RECEB-İ
ŞERİF
Recep Kelimesi Üzerine
- Recep.
Lâfzı, iştikak yollu çıkan
isimler arasında sayılır. Kelime kökü de:
- Tercip.
Masdarı köküdür.Tercib ise.
Araplara göre şu demeğe gelir:
- Saygı.
Yani: Tâzim.
Bu aya saygı gösterip tâzim
edildiği zaman şöyle denir:
- Ben bu aya saygılı oldum.
(Recebtü hâzeşşehre)
Bu tâbir, Habbab b. Münzir b.
Cümuh’un sözünde dahi geçmiştir. Ki, bu Sakîfe-i Beni Sâide'de olmuştu. Şöyle
ki:
Rasulüllah (SAV) Efendimiz
vefat ettiği gün, tayin edilecek halife için, ansar ve muhacirin ihtilâfa
düştüler. Bu arada, ansar, muhacirine şöyle dedi:
- Bir emir sizden olsun; bir
tane de bizden.
Bu sırada, Habbab kızdı;
kılıcını çekti ve şöyle dedi:
- Ene cüzeylehal-Muhakkek ve
uzaykuhal-mürecceb. (Kavmim arasında ulu, onların boyun eğip saygı gösterdiği
biriyim.)
Burada; bu cümlenin biraz
lugat manâsına göre ayrıntılarına girelim:
- Cüzayk.
Tâbirini kullanmıştır ki; şu
demeğe gelir:
- Sahiplerine göre pek değerli
bir hurma ağacıdır.

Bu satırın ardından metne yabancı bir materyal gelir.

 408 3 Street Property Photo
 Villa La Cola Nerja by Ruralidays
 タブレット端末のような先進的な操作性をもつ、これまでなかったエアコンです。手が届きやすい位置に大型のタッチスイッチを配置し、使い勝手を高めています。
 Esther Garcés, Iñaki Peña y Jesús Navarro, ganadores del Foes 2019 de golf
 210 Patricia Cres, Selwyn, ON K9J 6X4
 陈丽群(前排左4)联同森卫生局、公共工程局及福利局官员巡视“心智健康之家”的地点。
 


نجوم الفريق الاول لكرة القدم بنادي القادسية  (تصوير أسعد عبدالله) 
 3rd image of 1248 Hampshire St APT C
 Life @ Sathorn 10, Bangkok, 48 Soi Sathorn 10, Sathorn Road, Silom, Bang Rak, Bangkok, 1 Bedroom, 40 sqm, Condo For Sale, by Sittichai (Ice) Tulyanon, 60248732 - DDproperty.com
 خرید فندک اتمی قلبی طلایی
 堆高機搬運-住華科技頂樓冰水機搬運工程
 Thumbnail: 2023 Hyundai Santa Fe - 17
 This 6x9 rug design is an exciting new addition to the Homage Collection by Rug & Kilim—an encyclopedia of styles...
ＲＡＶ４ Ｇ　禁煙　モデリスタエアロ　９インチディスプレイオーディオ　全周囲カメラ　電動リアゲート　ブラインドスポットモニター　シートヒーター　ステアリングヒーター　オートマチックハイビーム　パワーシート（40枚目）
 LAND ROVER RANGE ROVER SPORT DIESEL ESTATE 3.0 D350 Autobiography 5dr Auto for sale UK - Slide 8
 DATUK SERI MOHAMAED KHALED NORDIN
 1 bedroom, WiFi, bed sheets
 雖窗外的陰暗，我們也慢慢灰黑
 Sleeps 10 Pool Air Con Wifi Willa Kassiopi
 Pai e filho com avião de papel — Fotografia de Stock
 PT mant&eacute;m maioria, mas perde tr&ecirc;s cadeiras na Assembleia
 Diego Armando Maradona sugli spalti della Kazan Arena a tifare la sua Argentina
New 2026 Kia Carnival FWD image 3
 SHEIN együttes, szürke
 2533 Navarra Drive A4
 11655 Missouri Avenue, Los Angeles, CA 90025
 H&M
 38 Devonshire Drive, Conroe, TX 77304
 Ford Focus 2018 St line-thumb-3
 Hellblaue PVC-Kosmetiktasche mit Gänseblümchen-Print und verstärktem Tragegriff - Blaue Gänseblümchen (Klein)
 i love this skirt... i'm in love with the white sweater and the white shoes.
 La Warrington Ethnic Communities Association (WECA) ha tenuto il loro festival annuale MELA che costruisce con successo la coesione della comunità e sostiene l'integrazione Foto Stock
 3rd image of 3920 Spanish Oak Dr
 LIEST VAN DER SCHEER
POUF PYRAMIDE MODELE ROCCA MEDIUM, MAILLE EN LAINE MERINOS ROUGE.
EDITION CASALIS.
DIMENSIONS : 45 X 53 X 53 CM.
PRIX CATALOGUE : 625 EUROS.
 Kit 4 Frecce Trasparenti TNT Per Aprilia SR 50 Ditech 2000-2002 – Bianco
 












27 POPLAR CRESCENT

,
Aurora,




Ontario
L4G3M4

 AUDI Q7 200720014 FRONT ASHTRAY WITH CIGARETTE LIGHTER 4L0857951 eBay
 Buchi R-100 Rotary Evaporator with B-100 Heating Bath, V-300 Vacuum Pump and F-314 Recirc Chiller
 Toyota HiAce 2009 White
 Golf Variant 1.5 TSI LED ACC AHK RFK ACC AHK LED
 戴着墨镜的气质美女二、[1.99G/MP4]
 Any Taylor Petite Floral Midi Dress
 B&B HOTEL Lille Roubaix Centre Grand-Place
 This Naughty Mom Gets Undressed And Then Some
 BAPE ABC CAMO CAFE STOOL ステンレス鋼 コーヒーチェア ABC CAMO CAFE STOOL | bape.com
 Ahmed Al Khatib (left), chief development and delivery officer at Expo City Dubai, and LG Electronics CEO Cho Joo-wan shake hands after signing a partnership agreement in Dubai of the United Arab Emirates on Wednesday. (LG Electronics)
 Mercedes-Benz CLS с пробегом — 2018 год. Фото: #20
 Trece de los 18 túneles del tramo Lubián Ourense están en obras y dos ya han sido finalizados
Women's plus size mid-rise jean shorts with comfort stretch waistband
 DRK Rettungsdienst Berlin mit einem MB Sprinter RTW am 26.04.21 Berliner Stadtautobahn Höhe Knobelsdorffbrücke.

Bilhassa, meyvelendiği zaman, devrilmemesi için ona dayanak
verirler.
- Recbe.
Lâfzının bir başka manâsı
dahi, şudur: Hurmalığın çevresindeki bina.
Biraz da:
- Cüzeylühal-Muhakkek
Deyimi üzerinde duralım. Şu
manâya gelir:
- Bilhassa uyuz develerin
sürtünüp kaşındığı hurma kütüğü. Yani Küçüğü.
Denilmiştir ki:
- Cezel.
Kelimesinin manâsı şudur:
Develerin sürtünüp kaşınmaları için, ağıllarına dikilen kütük.
Bayezid, Yahya b. Ziyad
Ferra'dan naklen şöyle anlattı:
- Bu aya receb adının
verilmesinin sebebi şudur ki: Bu ayda Araplar, hurmaları bol ağaçlara, destek
verirler. Kökünden taa dalına kadar bağlarlar. Tâ ki: Rüzgâr sallayıp onun
meyvelerini düşürmeye .
Bu işi yaptıkları zaman da, şu
tâbiri kullanırlar:
- Reccebtün-nahle. (Yani:
Hurmaya destek verdim.) Receb, tâbiri için şöyle diyen de vardır:
- Tercib.
Kelimesi şu manâyadır:
Hırsızlık ve daha başka yollardan almak isteyenlerden, meyvelerinin yere
düşmesinden korumak için, hurma dallarına dikenlik yapmak.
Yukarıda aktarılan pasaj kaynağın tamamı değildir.